The main differences between Apache SOAP and the Web Services found in the .NET environment includes ease of use and installation. Microsoft’s installation of either the .NET Framework SDK or Visual Studio.NET is seamless. You install it and you’re ready to begin, and the code is at a very high level.
With Apache SOAP, the installation is far more complex. It is not difficult, but you must pay close attention to the installation instructions. If you miss one step or you don’t have the environment set up right, you will find the installation of Apache SOAP to be somewhat frustrating.
The other difference is that coding for both creating a Web Service and calling a service happens at a lower level where you are more aware of the XML being used in the SOAP requests. Microsoft hides many of these implementation details from you.

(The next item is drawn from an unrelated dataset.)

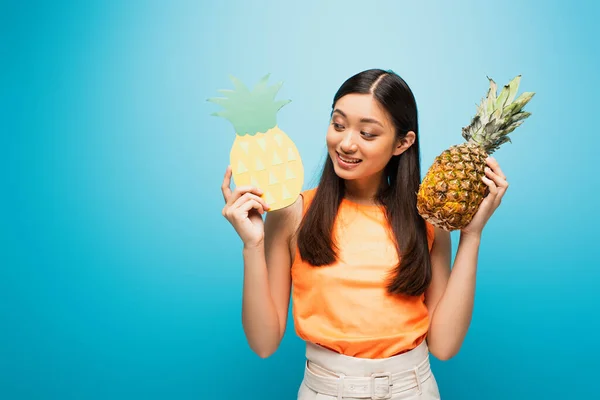 Happy asian girl looking at carton and holding pineapples on blue — Stock Photo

This chapter covers how to create a simple Web Service with Apache SOAP and then create several different consumers ranging from command line clients to Java Server Pages (JSP). This chapter begins by covering the prerequisites your system needs to utilize Apache SOAP.
The examples in this chapter are based on using Apache SOAP Version 2.3. The latest release of Web Services software from the Apache Group is called Axis and it is a complete rewrite of the Apache SOAP library. Both are currently available from the Apache Group’s Web site at xml.apache.org. Chapter 8 provides an introduction to Apache Axis and explains how it differs from the SOAP library.